Practice information
- Key architects: William Gummer, Charles Reginald Ford
- Founded: 1923
- Location: Auckland

Significant works and honors
- Buildings: New Zealand National Art Gallery and Dominion Museum, Dilworth Building, Auckland railway station, Remuera Public Library
- Projects: New Zealand National War Memorial, Christchurch Bridge of Remembrance, Dunedin Cenotaph
- Awards: NZIA Gold Medals

= Gummer and Ford =

Architectural firm in New Zealand

Gummer and Ford was an architectural firm founded in 1923 in Auckland, New Zealand, by William Gummer and Charles Reginald Ford.

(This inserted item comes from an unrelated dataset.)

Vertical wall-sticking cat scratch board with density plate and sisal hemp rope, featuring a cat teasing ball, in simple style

It was among the country's best-regarded architectural firm of the first half of the 20th century, designing numerous iconic buildings, including the former National Art Gallery and Dominion Museum in Wellington and the old Auckland railway station. Eighteen of the company's buildings have been registered as significant historic places by Heritage New Zealand. In 2006 an exhibition of their work was staged at The University of Auckland's Gus Fisher Gallery, and in 2007 the firm was described as 'the best architectural practice of all time in New Zealand'.

== History ==
When the partnership was established between Ford and Gummer, Gummer was already a highly successful architect. In his early 20s he had travelled to England and there worked for Leonard Stokes and Edwin Lutyens. The latter architect, later known mostly for his memorial designs, 'profoundly influenced' Gummer. He was placed third in a 1911 competition to design Parliament Buildings in London. After returning to New Zealand in 1914 he designed several well-regarded buildings including the New Zealand Insurance office in Auckland and the State Fire Insurance building in Wellington.

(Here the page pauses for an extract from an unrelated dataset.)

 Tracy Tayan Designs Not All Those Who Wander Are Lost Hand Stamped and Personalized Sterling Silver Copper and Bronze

The partnership between the two men was highly productive. Gummer's biographer in the Dictionary of New Zealand Biography attributes this to their complementary skills and personalities. Ford concentrated primarily on managing the practice and dealing with clients, although he also did some design work. Amongst the firm's early successes were Auckland's Dilworth Building, and the Auckland Railway Station, awarded a New Zealand Institute of Architects (NZIA) gold medal in 1931. The firm had earlier won a gold medal for the Remuera Public Library in 1928.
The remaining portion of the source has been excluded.